TASK GOAL >>
Return verbatim the lines that run from the one holding "Elegant Transitional Table" to the end of the listing, both ends included, without the pictures.

THE DATA >>
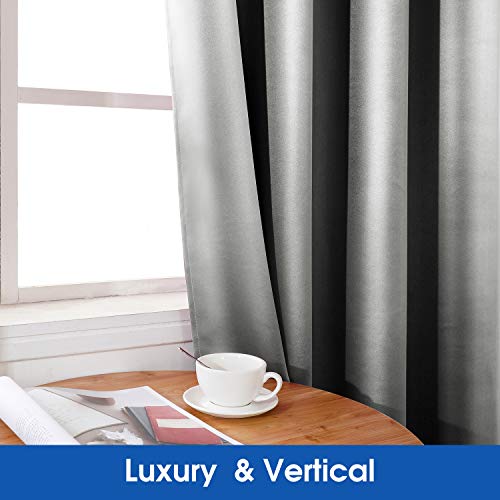 HOMEIDEAS 2 Panels Silver Grey Faux Silk Blackout Curtains, 52 X 108 Inch Room Darkening Satin Thermal Insulated Window Drapes for Bedroom, Indoor, Nursery - Image 3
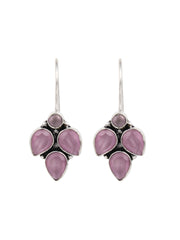 Silver Oxidised finish Light Pink stone work drop earring
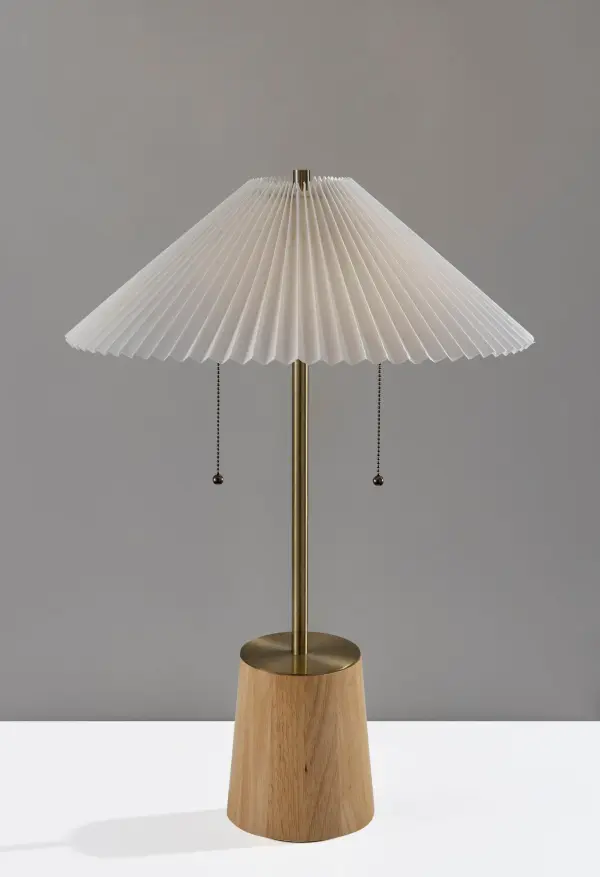 Elegant Transitional Table Lamp with Natural Wood & Brass Accents - Image 4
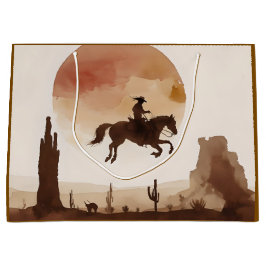 Watercolor Flying Cowboy Groot Cadeauzakje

WRITTEN REPLY >>
 Elegant Transitional Table Lamp with Natural Wood & Brass Accents - Image 4
 Watercolor Flying Cowboy Groot Cadeauzakje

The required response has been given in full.